Se si consentirà al capitalismo globalizzato e all’individualismo di riprendere la propria strada si tornerà allo scenario precedente, allo sviluppo di produzioni senza valutazione delle conseguenze, ad un mondo del lavoro senza tutele, ad una comunità nazionale scarsamente coesa. A livello sociale la conservazione dei privilegi sarà il motore più forte nella resistenza al cambiamento, come lo è stata finora per frenare la mobilità sociale. Più di prima, il dopo-coronavirus si tradurrà in una lotta tra chi ha gli strumenti e le risorse per affrontare la situazione e chi non ne ha e risulta più esposto. Un’effettiva qualità della vita sarà possibile solo per i gruppi sociali più ricchi e culturalmente attrezzati, facendo crescere la pressione dei ceti esclusi.
Per segnare una vera discontinuità rispetto al pre-epidemia, dando prospettiva al risveglio della solidarietà, va pensato un destino diverso.

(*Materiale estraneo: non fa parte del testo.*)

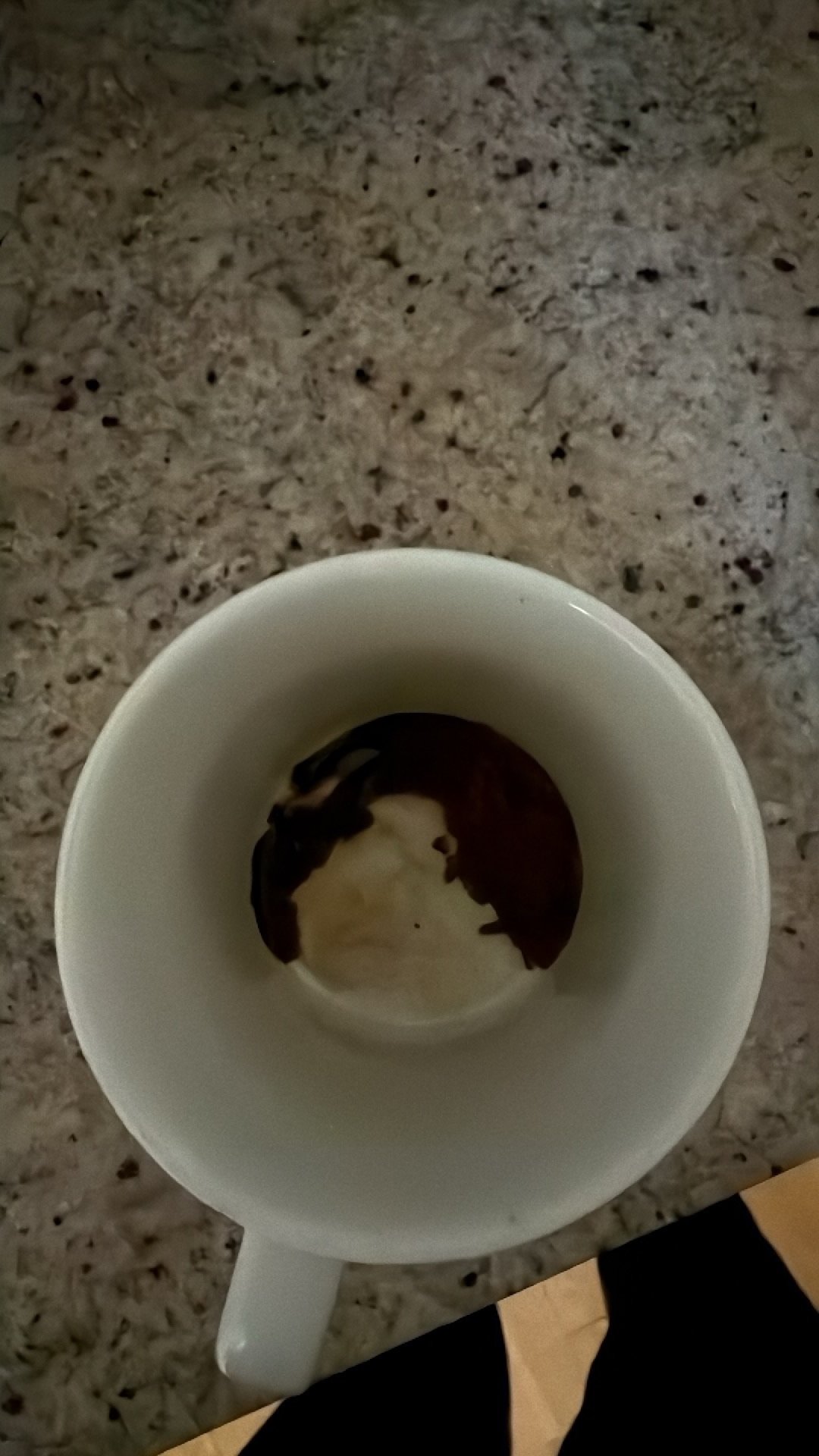 Coffee mug with dark coffee and cream on a speckled granite countertop.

Un destino che fa perno sul recupero della consapevolezza che siamo esseri sociali, che vivono all’interno di uno Stato, e se questo non si propone la nostra salvezza, ben difficilmente accadrà che ci salviamo da soli. L’importanza fondamentale del capitale sociale, anche per il sistema economico e per l’affidamento alle istituzioni che devono tutelarci, non declina. Vale anche per le istituzioni europee, uscendo finalmente dalla favola dei cattivi europei del Sud del continente e varando interventi per una ripresa di portata storica come simbolo di una comunità di destino.
Come tutte le crisi, anche l’attuale può rappresentare un’opportunità per cambiare rotta e correggere le scelte del passato. Per costruire una nuova economia più a misura d’uomo, memore della centralità del lavoro umano e dell’importanza delle competenze che l’emergenza restituisce. L’interrogativo allora è: un piano strategico di investimenti, da molti invocato, potrebbe partire dai bisogni delle persone e dei territori, e, attraverso processi decisionali condivisi, favorire un modo diverso di crescere, attivando una domanda in ambiti differenti dal passato cui far corrispondere un’offerta adeguata?
Se, come molti sostengono, l’Italia è ormai una terra ai confini dell’Impero, può però essere un laboratorio, per l’esistenza di una sanità ancora pubblica, benché privata di molte risorse negli ultimi anni, e per la capacità di immaginare il futuro. All’alba dell’emergenza il Prof. Luigino Bruni ha scritto parole illuminanti sull’impotenza dei mezzi dell’economia e della finanza in questo frangente. “Se non avessimo salvato – ha scritto il coordinatore del progetto per un’Economia di Comunione – qualche residuo del vecchio stato sociale, massacrato dagli amanti delle mani invisibili, saremmo già stati spazzati via da un invisibile parassita”. La direzione dello sviluppo – come la tragedia del virus si è incaricata di dimostrare – è tutt’altro che una speculazione teorica e astratta, ma una questione concreta e impattante sulla vita di ciascuno. Se saranno i centri del potere economico a decidere e la logica del profitto a prevalere (anche a livello internazionale) o se si muoverà verso configurazioni nuove e diverse mettendo precisi driver alla guida non è questione per addetti ai lavori ma un dato di vita reale che riguarda tutti.